*REQUIRED ACTION*. The response must consist of the lines below from the one with "Deco 79 CosmoLiving" through the one with "MINECRAFT Set 12", exactly as they appear and with both ends kept.

---

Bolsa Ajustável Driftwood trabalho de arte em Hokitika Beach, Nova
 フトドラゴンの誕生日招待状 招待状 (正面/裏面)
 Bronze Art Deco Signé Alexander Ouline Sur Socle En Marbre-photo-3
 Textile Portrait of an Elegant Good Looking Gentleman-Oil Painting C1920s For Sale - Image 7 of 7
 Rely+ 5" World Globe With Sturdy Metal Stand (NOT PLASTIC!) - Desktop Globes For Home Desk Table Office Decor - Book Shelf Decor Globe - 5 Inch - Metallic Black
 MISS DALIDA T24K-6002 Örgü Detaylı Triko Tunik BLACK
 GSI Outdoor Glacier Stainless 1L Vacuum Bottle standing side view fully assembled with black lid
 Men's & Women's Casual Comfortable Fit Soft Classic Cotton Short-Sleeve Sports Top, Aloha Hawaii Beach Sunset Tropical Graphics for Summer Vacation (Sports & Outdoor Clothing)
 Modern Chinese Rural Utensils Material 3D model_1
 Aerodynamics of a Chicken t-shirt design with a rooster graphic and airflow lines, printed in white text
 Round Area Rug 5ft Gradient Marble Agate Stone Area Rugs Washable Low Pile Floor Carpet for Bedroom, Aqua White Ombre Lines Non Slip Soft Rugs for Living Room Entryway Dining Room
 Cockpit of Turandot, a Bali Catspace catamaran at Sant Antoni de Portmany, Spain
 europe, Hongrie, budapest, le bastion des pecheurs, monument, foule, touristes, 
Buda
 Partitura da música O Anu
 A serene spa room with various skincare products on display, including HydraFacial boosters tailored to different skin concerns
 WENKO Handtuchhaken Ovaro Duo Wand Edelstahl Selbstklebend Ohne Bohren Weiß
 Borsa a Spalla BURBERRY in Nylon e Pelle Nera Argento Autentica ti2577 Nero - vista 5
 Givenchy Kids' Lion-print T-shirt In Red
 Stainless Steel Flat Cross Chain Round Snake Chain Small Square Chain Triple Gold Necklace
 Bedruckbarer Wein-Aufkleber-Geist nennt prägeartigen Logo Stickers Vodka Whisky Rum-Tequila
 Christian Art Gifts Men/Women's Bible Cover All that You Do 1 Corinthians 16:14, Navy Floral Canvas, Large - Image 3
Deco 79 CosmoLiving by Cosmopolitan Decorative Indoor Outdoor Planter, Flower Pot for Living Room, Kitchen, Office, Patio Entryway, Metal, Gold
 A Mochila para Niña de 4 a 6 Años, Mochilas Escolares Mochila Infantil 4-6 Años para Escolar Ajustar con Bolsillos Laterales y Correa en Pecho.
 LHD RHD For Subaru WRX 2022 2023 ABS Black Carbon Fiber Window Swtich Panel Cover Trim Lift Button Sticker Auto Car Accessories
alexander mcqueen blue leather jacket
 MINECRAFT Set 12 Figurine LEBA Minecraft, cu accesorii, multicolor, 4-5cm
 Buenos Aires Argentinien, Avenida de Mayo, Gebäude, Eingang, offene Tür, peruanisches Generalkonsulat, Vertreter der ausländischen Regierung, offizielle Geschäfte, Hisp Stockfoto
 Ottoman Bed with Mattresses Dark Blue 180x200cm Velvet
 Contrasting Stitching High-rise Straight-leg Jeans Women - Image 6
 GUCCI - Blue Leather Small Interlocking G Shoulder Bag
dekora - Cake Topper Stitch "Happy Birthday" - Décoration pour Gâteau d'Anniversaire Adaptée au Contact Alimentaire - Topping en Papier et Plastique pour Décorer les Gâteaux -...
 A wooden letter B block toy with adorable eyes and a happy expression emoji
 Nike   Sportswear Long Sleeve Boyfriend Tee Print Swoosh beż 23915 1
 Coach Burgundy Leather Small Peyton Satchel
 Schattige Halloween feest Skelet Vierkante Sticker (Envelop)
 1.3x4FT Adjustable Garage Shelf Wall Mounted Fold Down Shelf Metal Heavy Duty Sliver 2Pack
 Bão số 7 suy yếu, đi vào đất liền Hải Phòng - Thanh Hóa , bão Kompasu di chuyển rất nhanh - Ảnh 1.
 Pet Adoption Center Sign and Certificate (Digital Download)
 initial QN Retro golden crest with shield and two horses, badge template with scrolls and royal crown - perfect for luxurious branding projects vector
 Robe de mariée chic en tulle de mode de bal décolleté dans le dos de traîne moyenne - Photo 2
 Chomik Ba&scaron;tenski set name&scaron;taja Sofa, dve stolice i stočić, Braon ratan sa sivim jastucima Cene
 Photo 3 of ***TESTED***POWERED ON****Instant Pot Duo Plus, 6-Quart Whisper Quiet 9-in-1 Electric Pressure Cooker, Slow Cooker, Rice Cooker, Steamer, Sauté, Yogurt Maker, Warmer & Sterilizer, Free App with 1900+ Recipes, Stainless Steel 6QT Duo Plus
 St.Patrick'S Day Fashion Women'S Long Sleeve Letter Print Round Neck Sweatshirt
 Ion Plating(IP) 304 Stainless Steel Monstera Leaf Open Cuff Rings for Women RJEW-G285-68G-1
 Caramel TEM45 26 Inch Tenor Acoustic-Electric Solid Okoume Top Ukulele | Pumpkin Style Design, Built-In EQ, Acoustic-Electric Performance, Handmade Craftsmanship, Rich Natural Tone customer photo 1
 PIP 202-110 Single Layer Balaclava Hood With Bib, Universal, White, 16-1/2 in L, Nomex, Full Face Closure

---

*RESULT*.
Deco 79 CosmoLiving by Cosmopolitan Decorative Indoor Outdoor Planter, Flower Pot for Living Room, Kitchen, Office, Patio Entryway, Metal, Gold
 A Mochila para Niña de 4 a 6 Años, Mochilas Escolares Mochila Infantil 4-6 Años para Escolar Ajustar con Bolsillos Laterales y Correa en Pecho.
 LHD RHD For Subaru WRX 2022 2023 ABS Black Carbon Fiber Window Swtich Panel Cover Trim Lift Button Sticker Auto Car Accessories
alexander mcqueen blue leather jacket
 MINECRAFT Set 12 Figurine LEBA Minecraft, cu accesorii, multicolor, 4-5cm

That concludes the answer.